Li Chunying, Hu Zhibin, Liu Zhensheng, Wang Li-E, Gershenwald Jeffrey E, Lee Jeffrey E, Prieto Victor G, Duvic Madeleine, Grimm Elizabeth A, Wei Qingyi
Department of Epidemiology, The University of Texas M. D. Anderson Cancer Center, Houston, Texas 77030, USA.
Cancer. 2007 Apr 15;109(8):1570-8. doi: 10.1002/cncr.22582.
Nitric oxide (NO) is a multifunctional molecule that is produced by both neuronal NO synthase (nNOS) and inducible NO synthase (iNOS), and the expression of nNOS and iNOS is up-regulated in various cancer cells, including cutaneous melanoma (CM). The authors hypothesized that selected functional single-nucleotide polymorphisms (SNPs) in the nNOS and iNOS genes are associated with the risk of CM.
In a hospital-based case-control study of 602 non-Hispanic white patients with CM and 603 matched, cancer-free controls, the authors genotyped the nNOS -84 guanine-to-adenine (G-->A), nNOS 276 cytosine-to-thymine (C-->T), iNOS Ex16+14C-->T, and iNOS 974G-->T SNPs and assessed their associations with the risk of CM in multivariate logistic regression models.
A significantly increased risk of CM was associated with the nNOS -84G-->A (adjusted odds ratio [OR], 1.49; 95% confidence interval [95% CI], 1.05-2.13) and -84AG+AA (OR, 1.48; 95% CI, 1.06-2.06) genotypes compared with the nNOS -84GG genotype, but not with other nNOS or iNOS SNPs. In a combined analysis, an increased risk of CM was associated with the nNOS -84AA+AG/276CT+TT genotype (OR, 1.70; 95% CI, 1.05-2.76) and the nNOS -84AA+AG/276CC genotype (OR, 1.70; 95% CI, 1.08-2.68) compared with the nNOS -84GG/276CT+TT genotypes. No altered risk of CM was associated with iNOS genotypes. In addition, there was statistical evidence of interaction of nNOS SNPs with having moles (P = .002) and sunburns (P = .017).

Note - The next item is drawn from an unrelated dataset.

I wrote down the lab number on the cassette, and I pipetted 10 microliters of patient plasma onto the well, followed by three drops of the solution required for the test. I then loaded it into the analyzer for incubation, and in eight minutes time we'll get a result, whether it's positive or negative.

Genetic variants of nNOS, but not iNOS, may be biomarkers for susceptibility to CM, and the risk of CM associated with sunburns and moles may be modulated by nNOS variant genotypes.

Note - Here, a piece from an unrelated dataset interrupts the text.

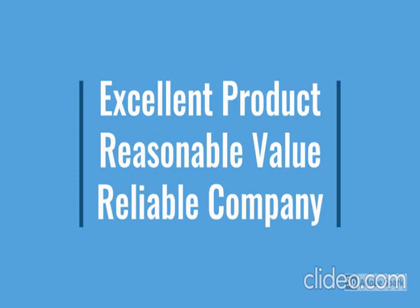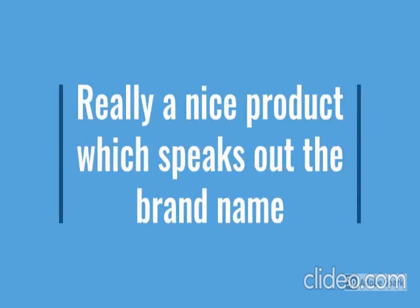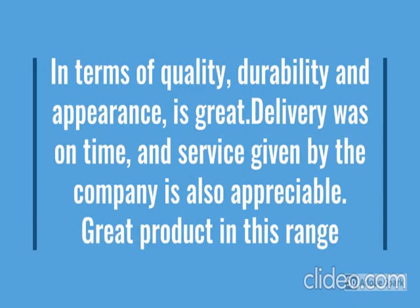For more details go through the description below the video. So how the product looks, we have checked.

一氧化氮(NO)是一种多功能分子,由神经元型一氧化氮合酶(nNOS)和诱导型一氧化氮合酶(iNOS)产生,nNOS和iNOS的表达在包括皮肤黑色素瘤(CM)在内的各种癌细胞中上调。作者推测,nNOS和iNOS基因中特定的功能性单核苷酸多态性(SNP)与CM风险相关。
在一项基于医院的病例对照研究中,纳入602例非西班牙裔白人CM患者和603例匹配的无癌对照,作者对nNOS -84鸟嘌呤到腺嘌呤(G→A)、nNOS 276胞嘧啶到胸腺嘧啶(C→T)、iNOS Ex16+14C→T和iNOS 974G→T SNP进行基因分型,并在多因素逻辑回归模型中评估它们与CM风险的关联。
与nNOS -84GG基因型相比,nNOS -84G→A(调整优势比[OR],1.49;95%置信区间[95%CI],1.05 - 2.13)和-84AG+AA(OR,1.48;95%CI,1.06 - 2.06)基因型与CM风险显著增加相关,但与其他nNOS或iNOS SNP无关。在综合分析中,与nNOS -84GG/276CT+TT基因型相比,nNOS -84AA+AG/276CT+TT基因型(OR,1.70;95%CI,1.05 - 2.76)和nNOS -84AA+AG/276CC基因型(OR,1.70;95%CI,1.08 - 2.68)与CM风险增加相关。iNOS基因型与CM风险改变无关。此外,有统计学证据表明nNOS SNP与有痣(P = 0.002)和晒伤(P = 0.017)之间存在相互作用。
nNOS的基因变异而非iNOS的基因变异可能是CM易感性的生物标志物,与晒伤和痣相关的CM风险可能受nNOS变异基因型的调节。